Imagine if you are the data person and have been tasked with understanding what users are doing on the page, with an eye towards potentially making an improvements later.
First you calculate most high level conversion rate (after filtering out users who already signed up) and find out that 1% of all the unique browser page views actually sign up.
Management freaks out because 1% sounds really low. They spin up a ton of hypotheses for what could be wrong. Is the sign up page too complex? Did the payment section scare people despite there being a clear FREE option? Or maybe people visiting just aren’t interested in signing up? How do we go about eliminating some hypotheses, calming management down, and help figure out a plan?
Bring on the funnel analysis
What I've described above is the textbook use case for funnel analysis. You pour users into a page at the top, and see how many get to the end. The general strategy is that you try to identify every possible point at which users can give up and stop progressing through your linear(ish) page flow and hope to identify the places where the most users drop off.
For example, in the example above, we have 100% of users visiting the page, then only 10% of the original group even start typing their email address. Next, 9% actually finish typing their email and select a payment method (which includes a free option). By the time everyone finishes the payment related stuff, you're left with that dismal 1% that everyone is concerned bout.
Given this picture of the funnel dropoffs, an analyst can come to a number of conclusions.
One analyst cries out — that first dropoff is huge! We lost 90% of our potential customers there!!! Imagine how much more we can make of we found a way to convince an extra few percent through the funnel.
Another stands up and asks — why did we lose 1% between typing an email and going to the next step?! It's one text box and a “Next” button — surely we must be doing something ridiculously silly to lose people that way.

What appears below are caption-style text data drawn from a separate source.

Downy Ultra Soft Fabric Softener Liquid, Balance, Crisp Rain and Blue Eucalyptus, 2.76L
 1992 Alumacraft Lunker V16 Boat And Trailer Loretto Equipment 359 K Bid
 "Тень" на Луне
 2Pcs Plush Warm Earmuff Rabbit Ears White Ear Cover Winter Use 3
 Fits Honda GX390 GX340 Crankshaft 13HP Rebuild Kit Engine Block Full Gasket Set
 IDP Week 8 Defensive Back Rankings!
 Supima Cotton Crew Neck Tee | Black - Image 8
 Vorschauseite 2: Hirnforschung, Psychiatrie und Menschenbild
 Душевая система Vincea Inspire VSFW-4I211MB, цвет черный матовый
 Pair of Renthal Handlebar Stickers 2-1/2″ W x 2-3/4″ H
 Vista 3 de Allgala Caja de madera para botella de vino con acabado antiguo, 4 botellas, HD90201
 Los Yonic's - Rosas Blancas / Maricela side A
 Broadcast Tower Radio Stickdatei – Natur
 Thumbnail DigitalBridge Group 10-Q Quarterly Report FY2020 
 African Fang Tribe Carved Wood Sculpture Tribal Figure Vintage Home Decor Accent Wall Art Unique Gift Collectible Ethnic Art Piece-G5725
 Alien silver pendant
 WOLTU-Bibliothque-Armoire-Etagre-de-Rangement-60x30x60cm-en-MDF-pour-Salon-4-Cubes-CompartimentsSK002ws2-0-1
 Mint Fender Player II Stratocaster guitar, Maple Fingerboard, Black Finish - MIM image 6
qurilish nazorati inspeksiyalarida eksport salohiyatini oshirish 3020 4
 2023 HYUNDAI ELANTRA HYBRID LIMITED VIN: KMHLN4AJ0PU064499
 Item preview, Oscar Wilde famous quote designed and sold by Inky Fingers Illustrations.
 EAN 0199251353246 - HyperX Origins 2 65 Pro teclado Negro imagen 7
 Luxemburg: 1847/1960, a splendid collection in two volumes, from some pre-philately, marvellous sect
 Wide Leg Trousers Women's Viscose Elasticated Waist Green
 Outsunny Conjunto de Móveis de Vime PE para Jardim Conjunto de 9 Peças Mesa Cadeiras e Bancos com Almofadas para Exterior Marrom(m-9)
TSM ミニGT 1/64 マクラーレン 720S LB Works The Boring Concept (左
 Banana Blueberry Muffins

Finally someone else hops up to point out that we lost 8% of our potential customers when they're supposed to either pay or pick the free option. Why doesn't everyone just pick the free one if they don't want to spend money and they’ve already went through the trouble of all the typing? Who doesn't like free?! Either way this group is closest to the actual money and we can most directly affect their decisions.
All of these are plausible interpretations of the data, and interseting enough to investigate. Which one to pick to investigate first largely depends, as it always does, on specific details. How confident are we at being able to make improvements in a given section. How much effort is it to make changes? What factors are beyond our control?
Where’s the Intent?
Perhaps the most central question to every step within a funnel-like process is whether the user actually had any intention of proceeding to the end, or even just the next step.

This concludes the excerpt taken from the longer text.